✎ Cliff Michelmore 1919-2016 

17 March 2016 tbs.pm/8830

Broadcasting pioneer Cliff Michelmore has died at the age of 96.

He is mostly remembered for two of the biggest shows in British broadcasting history: Family Favourites on the Light Programme and Tonight on BBCtv.

Family Favourites, also known as Two-Way Family Favourites and on occasion Three-Way Family Favourites, was a simple format. Jean Metcalfe (who he would later marry) sat at Broadcasting House, Cliff sat at a British Forces Network studio on the continent – typically in Cologne or Hamburg – and the two of them chatted, read out requests and span discs. Their chemistry was great, and at a time of conscription (and later a volunteer military many times the current size) the link between those left at home and those protecting the Rhineland from the Russians, Aden from the locals and Cyprus from each other was one people wanted to hear, even if they had no stake in the conflicts themselves.

In the early days of mass television, the government decreed that there should be an hour with no broadcasting to allow mothers to put children to bed and the population to pop to church for Evensong without distraction. When the ludicrousness of this idea was finally noticed and that stipulation was removed, BBCtv came up with a news-led “topical magazine programme”, a first for television. It was called Tonight and it was helmed for its entire existence by Michelmore. The mix of news, features, variety and quirky stories was immensely popular and the format survived to become Nationwide and Sixty Minutes before dying out in the 1980s.

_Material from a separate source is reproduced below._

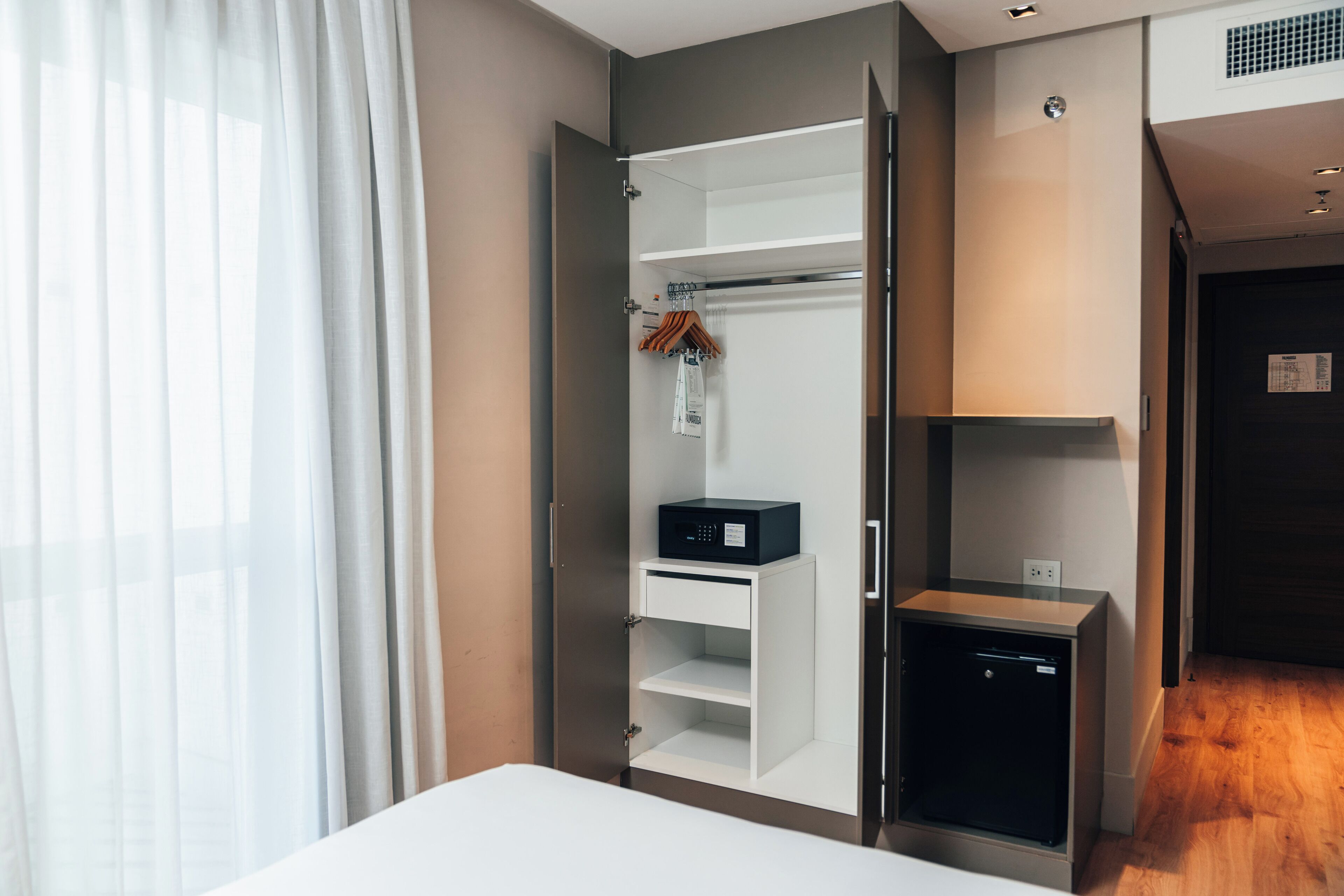 A modern bedroom with a bed, a wardrobe with a built-in heater, and a small desk with a heater.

It was during an edition of Tonight in November 1963 that Michelmore had the job of telling the nation that a story had just been heard by BBC Monitoring on the Voice of America and that it seemed that President Kennedy had been wounded in Dallas. The script for the show was torn up and Michelmore at Lime Grove deftly handed over to John Roberts at Alexandra Palace for the first in a series of (worsening) news reports. That edition of Tonight is seared into the memories of all that saw it.

You Say

5 responses to this article

Paul Mason 18 March 2016 at 12:53 am

Cliff Michelmore was also an anchor on 24 Hours, the late night current affairs programme that replaced Tonight although this was a heavier programme. Michelmore presented many programmes although by the 1970s he mainly appeared on the Holiday show umtil 1987 when he retired from TV.
His son Guy was a TV presenter but no longer does so.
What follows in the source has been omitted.